If Powell and his colleagues choose to keep rates at a 23-year high, a growing chorus of Democratic critics calling for cuts may reach a crescendo. But if policymakers do indeed cut, Republicans from Trump on down will be sure to cast the move as caving to election-year pressure.
Powell’s response to the new wave of political pressure was to echo an independent, apolitical approach he has honed throughout 2024, emphasizing that the only criteria that matters to him is data on prices and jobs.
“This is my fourth presidential election at the Fed, and I can tell you we come to work the next day and do our jobs,” Powell said. He made the same point this past Monday during an interview at the Economic Club of Washington.
But the Fed chair also signaled that the time for cuts is getting closer, citing a recent turnaround in inflation readings following hotter-than-expected data in the first quarter, including the release last Thursday of encouraging numbers from the Consumer Price Index for the month of June.

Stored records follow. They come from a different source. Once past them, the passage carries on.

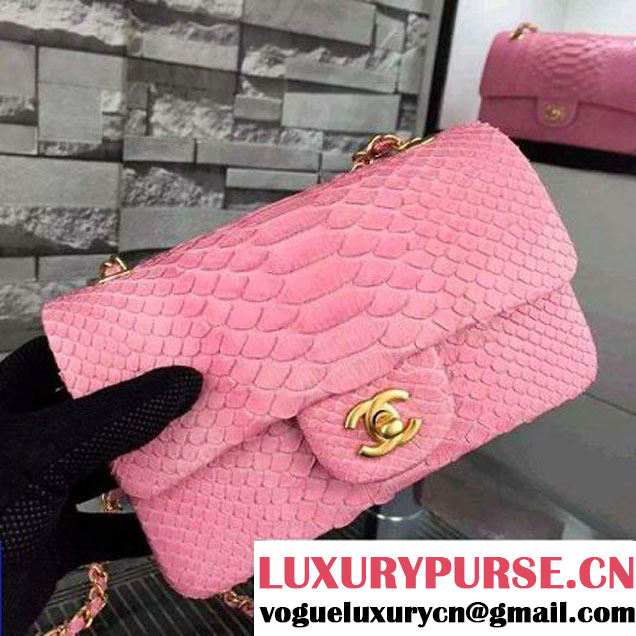 Chanel Small Python Leather Classic Flap Bag Pink (2A058-062606 )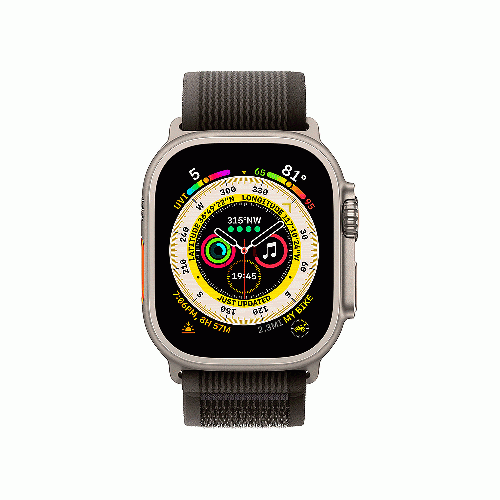 ساعت هوشمند اپل سری Ultra بدنه تیتانیومی 49 میلمتری با بند Blue/Gray Trail Loop Apple Watch Ultra 49mm Titanium Case With Blue/Gray Trail Loop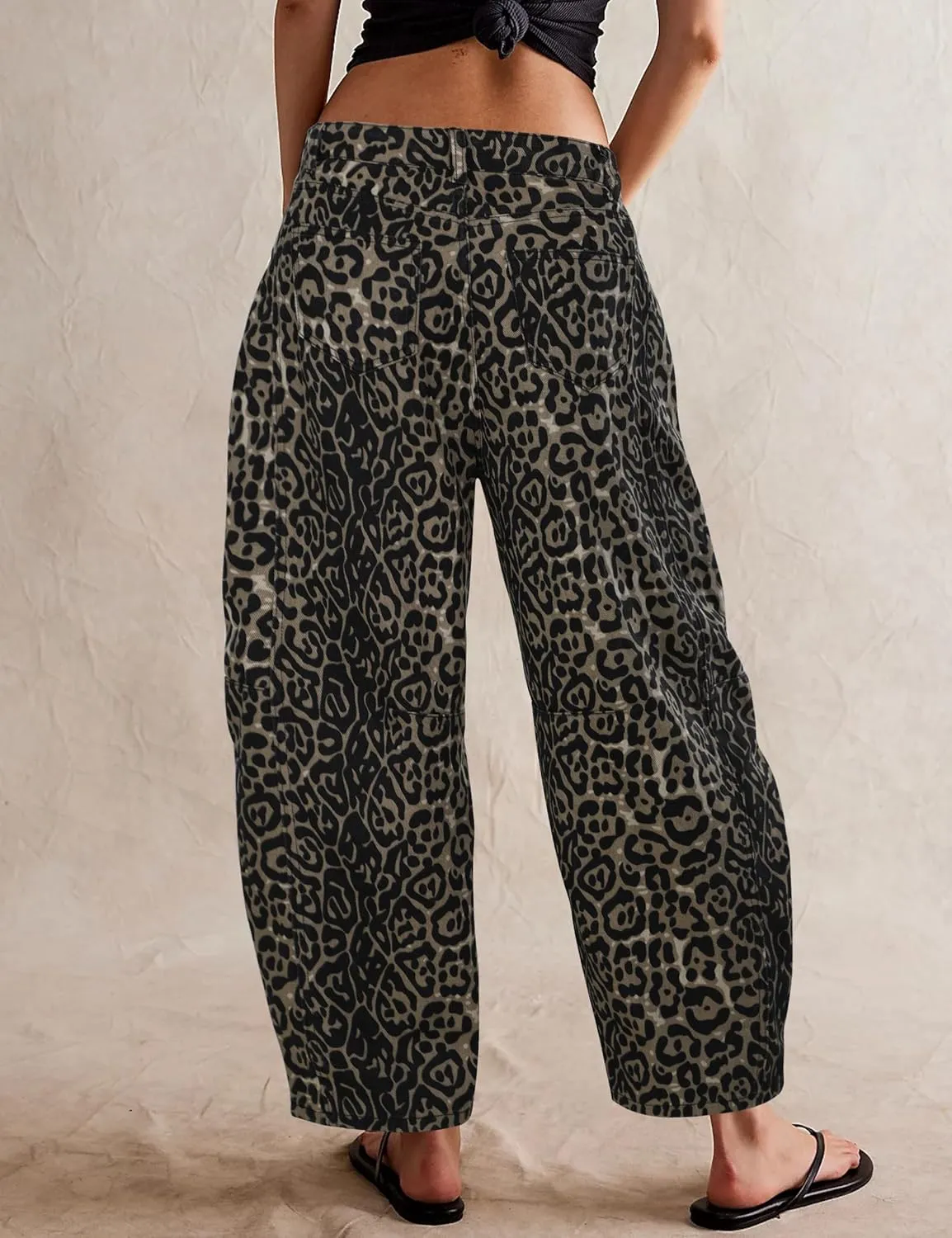 Women's Barrel Boyfriend Baggy Leopard Print Jeans Mid Rise Cropped Wide Leg Y2K Horseshoe Jeans for Women Trendy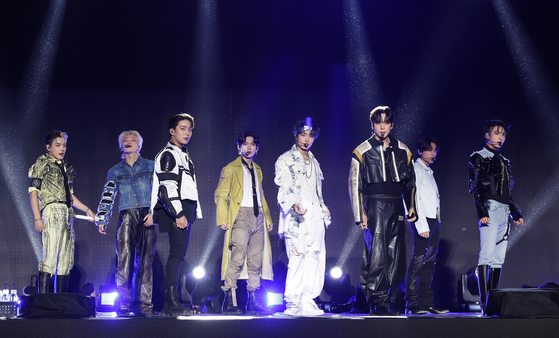 Boy band Ateez showcases its eighth EP ″The World EP.1: Movement″ on July 28 at Sejong University in Gwangjin District, eastern Seoul. [NEWS1]
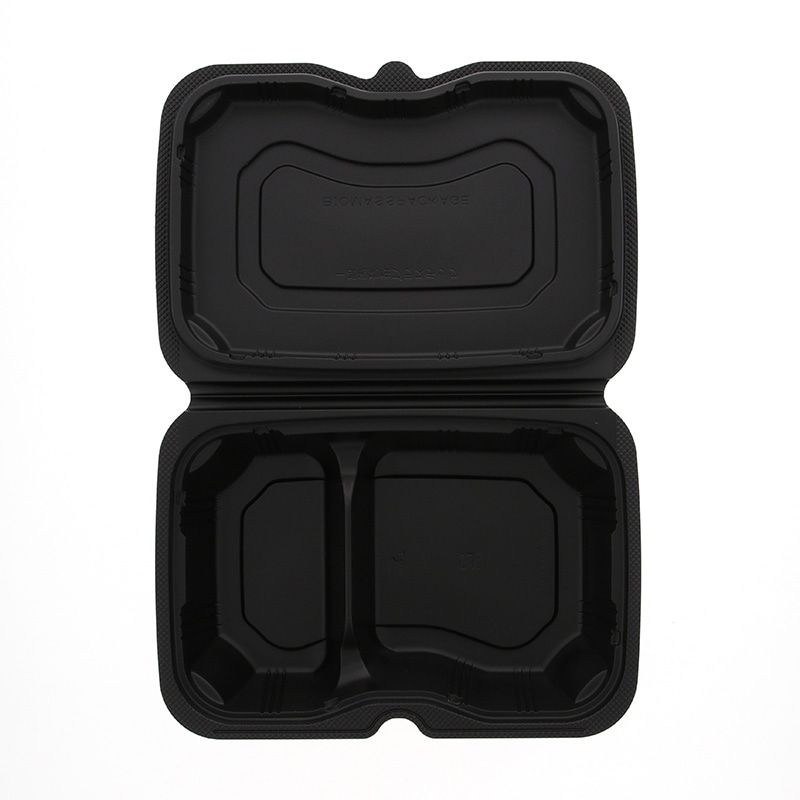 リスパック 弁当容器 バイオデリカシェルBOX 60-1 黒 25枚/袋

The Consumer Price Index on a “core” basis — which excludes volatile food and energy prices the Fed can’t control — rose 3.3% year over year in the month of June. That was down from 3.4% in May and 3.6% in April.
The Fed gets a new June reading from its preferred inflation gauge — the “core” Personal Consumption Expenditures Index — on July 26. Powell was asked Monday if he intended to stay through the end of his term as chair in May 2026, and he gave a one-word answer: “Yes.”
When asked if he would stay longer should he be reappointed as chair, he said, “I have nothing on that for you today.” Powell’s full term as a member of the Fed’s board of governors doesn’t end until Jan. 31, 2028.
Trump in his Bloomberg interview said “I would let him serve it out,” and added: “especially if I thought he was doing the right thing.”
Stephen Moore, a top Trump confidant, said during an appearance this week on Yahoo Finance’s Opening Bid podcast that when Powell’s term expires “then we would look for someone new, maybe a Judy Shelton or a Larry Kudlow or an Arthur Laffer or somebody who’s more in line with his economic philosophy.”
“And I think that like makes a lot of sense.”
‘A rate cut in the not-too-distant future’
Waller, the Fed governor, laid out a couple scenarios on Wednesday that could lead to a rate cut — an optimistic one and a more likely one. In the optimistic scenario the Fed continues to get more favorable inflation reports consistently. In that scenario Waller said he could envision “a rate cut in the not-too-distant future.”
In what he deems the more likely scenario, inflation data comes in uneven — not as good as the previous few months — but still consistent overall with progress on bringing inflation down toward 2%. In that case “it would be a matter of timing as to when I thought we are making sustainable progress to 2 percent inflation. In this case, a rate cut in the near future is more uncertain.”
While the Fed’s preferred inflation gauge has been running near 2 percent at an annual rate recently, he said he needs to see more evidence that it will be sustained. Waller also said he believes current data are consistent with the US economy achieving a soft landing, and will be looking for data over the next couple months to confirm that.
The job market, he said, is in a sweet spot and that things are loosening rather than weakening. But there is more upside risk to unemployment than “we have seen for a long time,” noting that a continued drop in job vacancies could lead to a larger increase in unemployment.
Waller was also asked Wednesday about his reaction to the Republican ticket in 2024, including Vice President nominee JD Vance. “Politics is politics,” he said. “That’s not my job. My job is to look at the economy and react to it and make my best decisions to achieve the dual mandate that Congress gave me. So like I tell everybody, whatever happens in the political world, I just have to take that as a given and then make the best policy I can from that.”